An experiment on extended training
TinyLlama is a community research project started in September 2023 by Zhang Peiyuan and collaborators at the StatNLP Research Group of the Singapore University of Technology and Design (SUTD). The TinyLlama 1.0 version is released on 4 January 2024 under the Apache 2.0 licence.
Its stated goal is to answer an open research question on LLMs: to what extent does a small model, trained well beyond the “compute-optimal” points indicated by the Chinchilla scaling laws, keep improving on downstream benchmarks?
Architecture and training
TinyLlama has 1.1 billion parameters and adopts an architecture compatible with Llama 2: same tokenizer, same basic structural hyperparameters, same normalisation and attention choices. This compatibility is intentional and allows the full Llama tooling ecosystem — inference, quantisation, fine-tuning, deployment — to be reused without adaptations.
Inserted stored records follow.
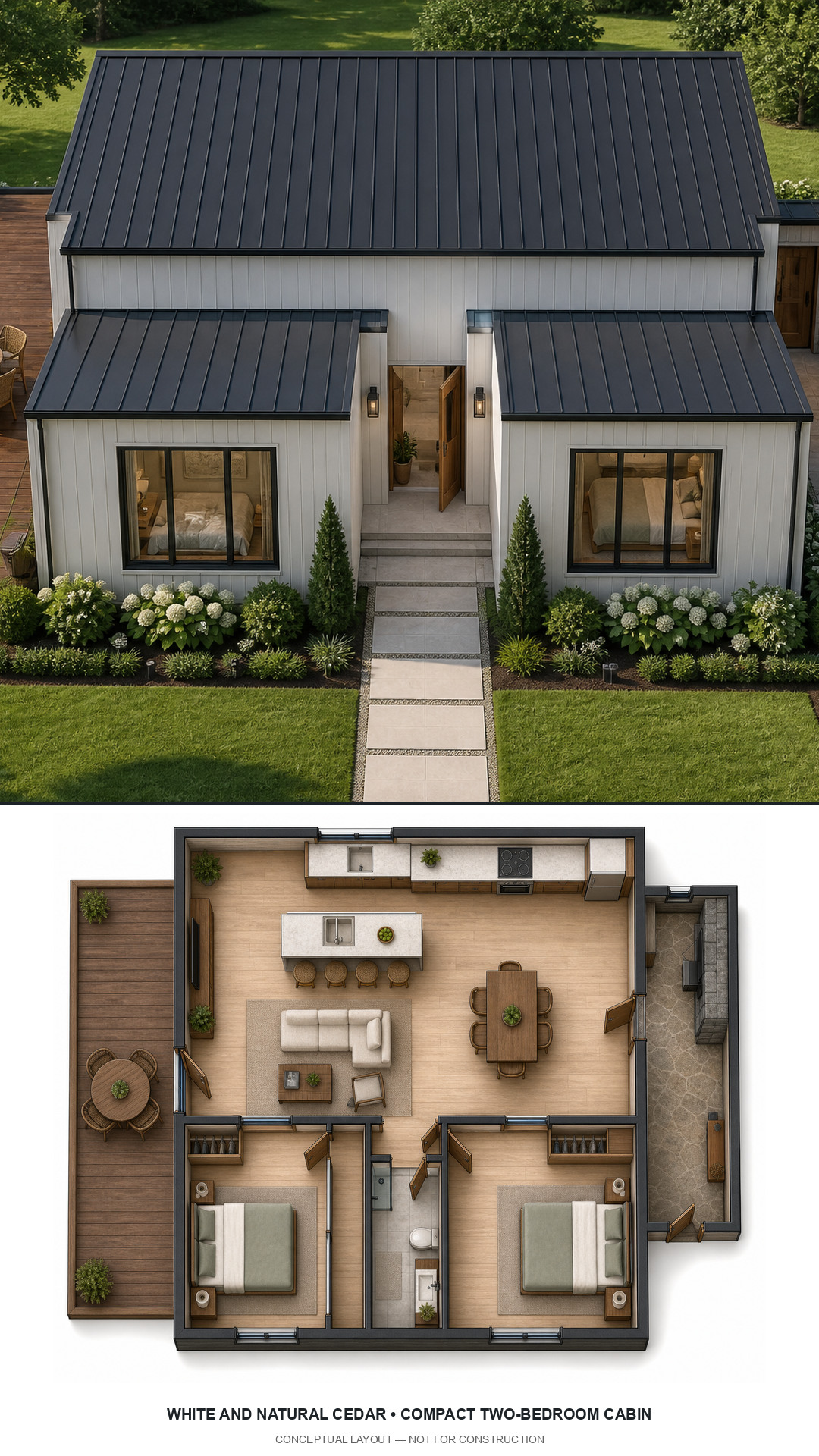 White and Natural Cedar Compact Two-Bedroom Cabin exterior and furnished conceptual floor plan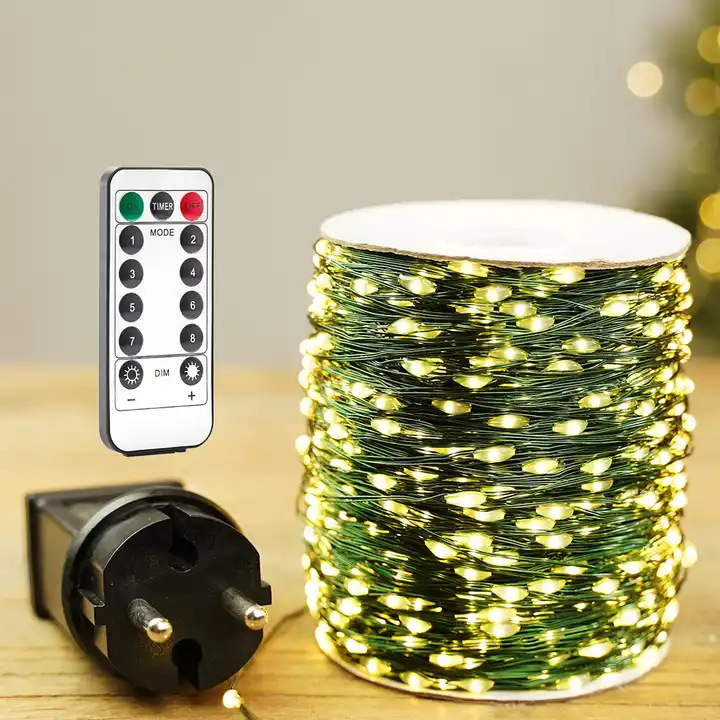Cross-border remote control Christmas tree lamp string green wire copper wire star string lamp all over the sky star green plant Christmas rattan wreath decoration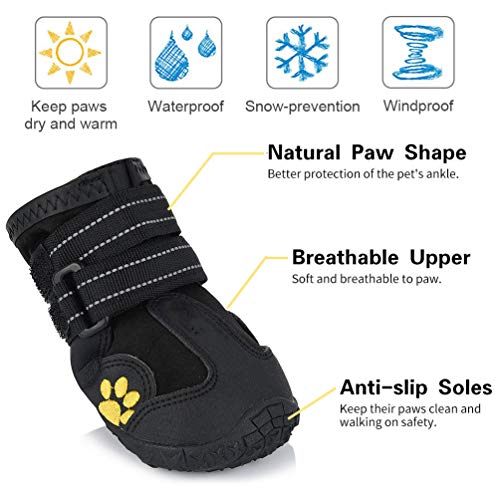 Zapatos para Perros, 4 Pcs Impermeable Zapatos Perro para Mediano y Grandes Perros - Negro (3#)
Training is performed on roughly 3 trillion tokens, combining two public datasets: SlimPajama — a deduplicated and cleaned version of RedPajama — and StarCoderData, the code corpus also used by StarCoder. For a model of this size, 3T tokens represent a very extensive training regime.
The empirical result
The benchmarks published by the authors show that TinyLlama keeps improving its performance even in the final part of training, confirming that small models do not “saturate” as quickly as suggested by the original scaling laws. The result matters practically: compact models, when trained long enough, can reach useful performance in edge, mobile or memory-constrained contexts.
Licence and use
The Apache 2.0 licence and compatibility with Llama 2 make TinyLlama easy to integrate into existing workflows. The model is also available in fine-tuned chat variants and quantised versions, and is often used as a baseline in small language model comparisons.